La Théorie du genre ou Le Monde rêvé des anges : l'identité sexuée comme malédiction, (Grasset, 2014).
Le Crépuscule des idoles progressistes (Stock, 2017).
Commentaires
Merci pour votre chronique qui m'a donné forte envie de lire ce livre.
Le prologue, assez long (17 pages) m'a paru indigeste, j'ai failli laisser tomber. Mais j'aurais eu tort, car au milieu du livre, le sujet devient vraiment intéressant, c'est à dire qu'il nous fait prendre conscience à quel point le discours écolo ambiant nous imprègne malgré nous. J'ai particulièrement apprécié qu'elle cite souvent Hannah Arendt et d'autres penseurs qui ont, très tôt, alerté sur les dangers de faire table rase de la culture et du passé.
Son livre est divisé en 3 parties.
Dans la première, elle présente "le monde rêvé des écologistes (radicaux), soulignant leurs attaches à la mentalité woke, féministe, cancel culture, anglo saxonne,... pour aboutir à des Khmers Verts totalitaristes. Il faut dire que les gens de gauche ne vont guère apprécier son point de vue, mais pourquoi l'écologie serait-elle de gauche ? Elle dénonce les ahurissantes décisions de certains politiques verts.

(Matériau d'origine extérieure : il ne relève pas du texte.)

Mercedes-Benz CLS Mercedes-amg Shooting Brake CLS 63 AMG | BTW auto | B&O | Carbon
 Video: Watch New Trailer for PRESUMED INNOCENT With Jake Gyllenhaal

Dans la deuxième partie, elle s'interroge sur la relation entre l'homme et la nature, sur le rôle de l'homme occidental particulièrement puisque c'est lui qui doit, selon les écolos, être abattu. Car derrière tout le discours écologique radical, elle décèle un seul but : abattre la civilisation occidentale. Alors qu'il ne faudrait qu'en corriger les excès. Vous l'avez fort bien expliqué.
Dans la troisième partie, elle avance 4 "autres écologies". Notamment en insistant sur le besoin profond des hommes à s'attacher à un lieu, à s'enraciner.
Tous ses arguments sont solidement étayés sur des documents précis, comme vous le soulignez justement.
Son style exige tout de même un effort car il est truffé de références culturelles (tant philosophiques qu'historiques ou artistiques).
Sa conclusion : "Formons chez l'enfant et cultivons chez l'adulte, la passion de voir, de s'étonner, d'admirer ; je ne sais de plus vertes dispositions".